> **Activity**
Only the lines below from the one containing "显瘦高腰侧开叉包臀裙半身裙打底裙 欧美复古暗黑系性感修身 包邮" through the one containing "Oglindă de perete" belong in the answer, set down exactly, with the pictures left out.

> **Exercise materials**
__________________________________________________

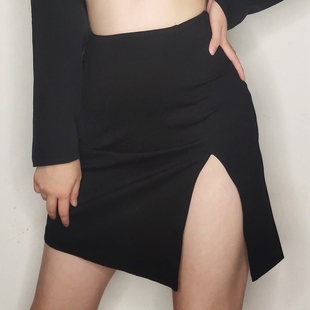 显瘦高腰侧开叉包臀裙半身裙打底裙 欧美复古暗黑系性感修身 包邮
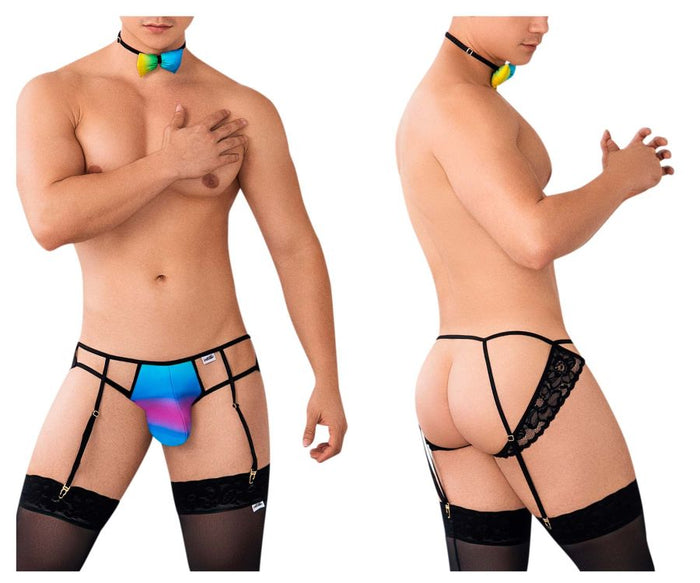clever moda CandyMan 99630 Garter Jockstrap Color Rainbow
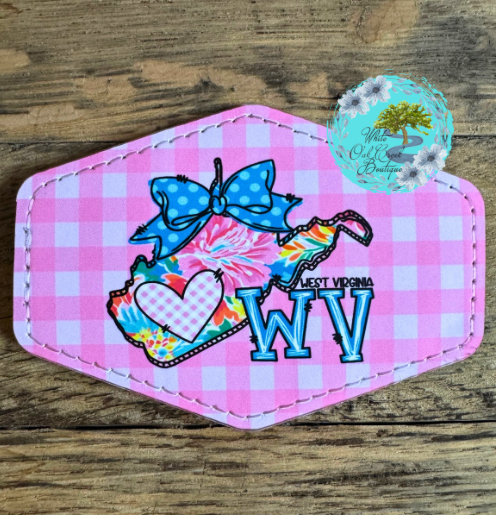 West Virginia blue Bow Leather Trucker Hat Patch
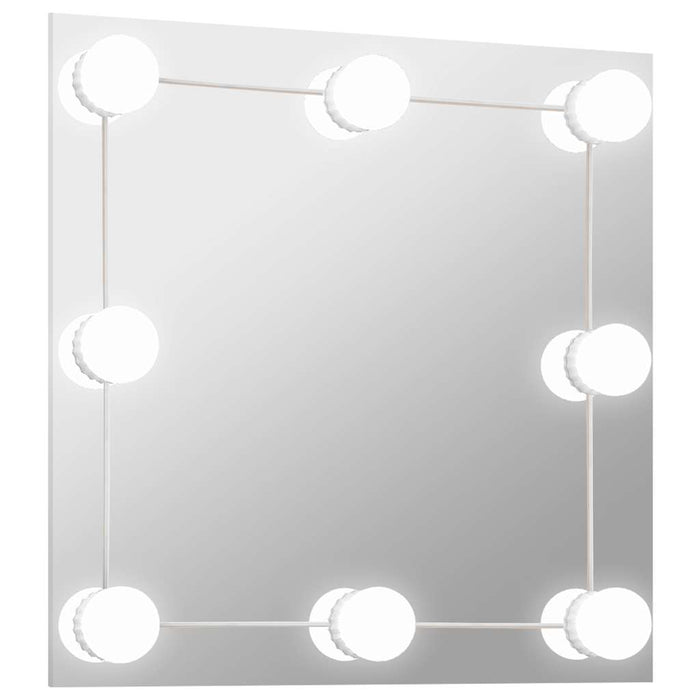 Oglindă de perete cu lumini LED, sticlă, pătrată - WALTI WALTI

__________________________________________________

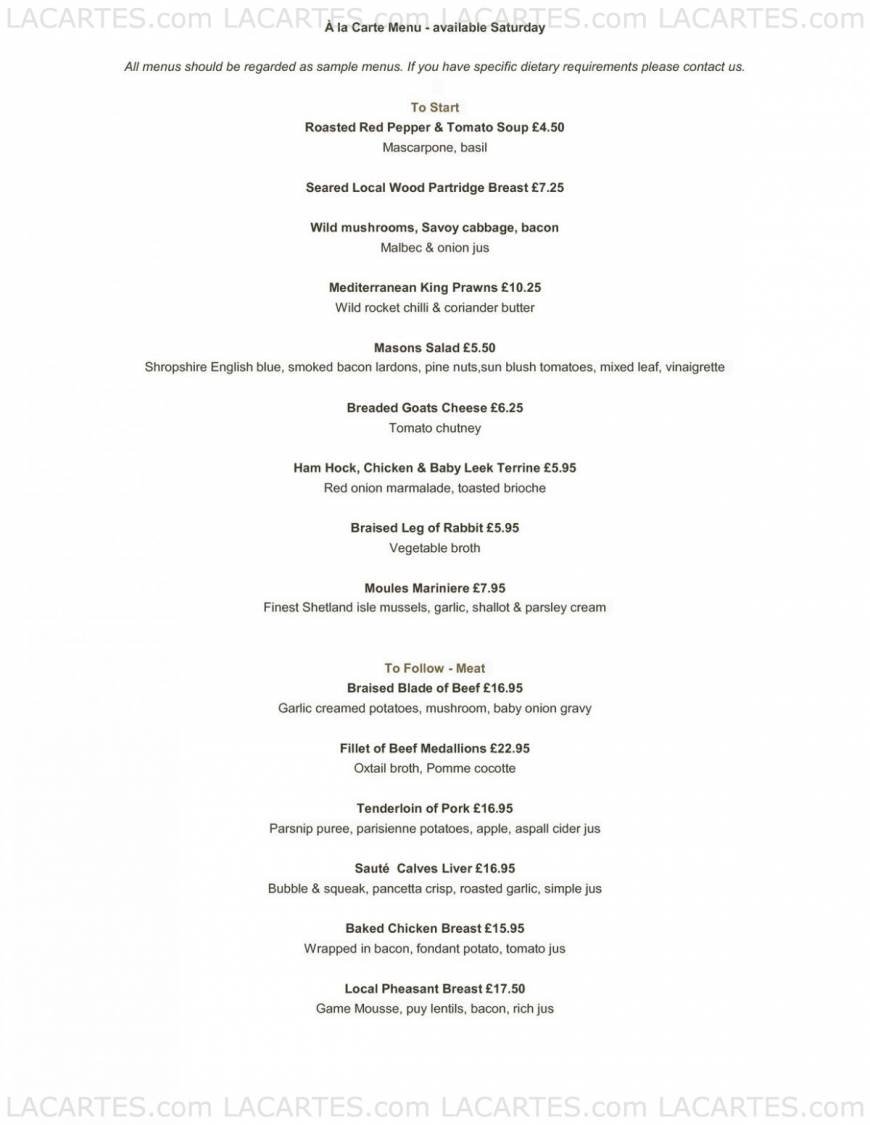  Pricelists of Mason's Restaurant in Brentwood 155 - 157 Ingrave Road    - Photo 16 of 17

__________________________________________________

> **Output of the task**
 显瘦高腰侧开叉包臀裙半身裙打底裙 欧美复古暗黑系性感修身 包邮
clever moda CandyMan 99630 Garter Jockstrap Color Rainbow
 West Virginia blue Bow Leather Trucker Hat Patch
 Oglindă de perete cu lumini LED, sticlă, pătrată - WALTI WALTI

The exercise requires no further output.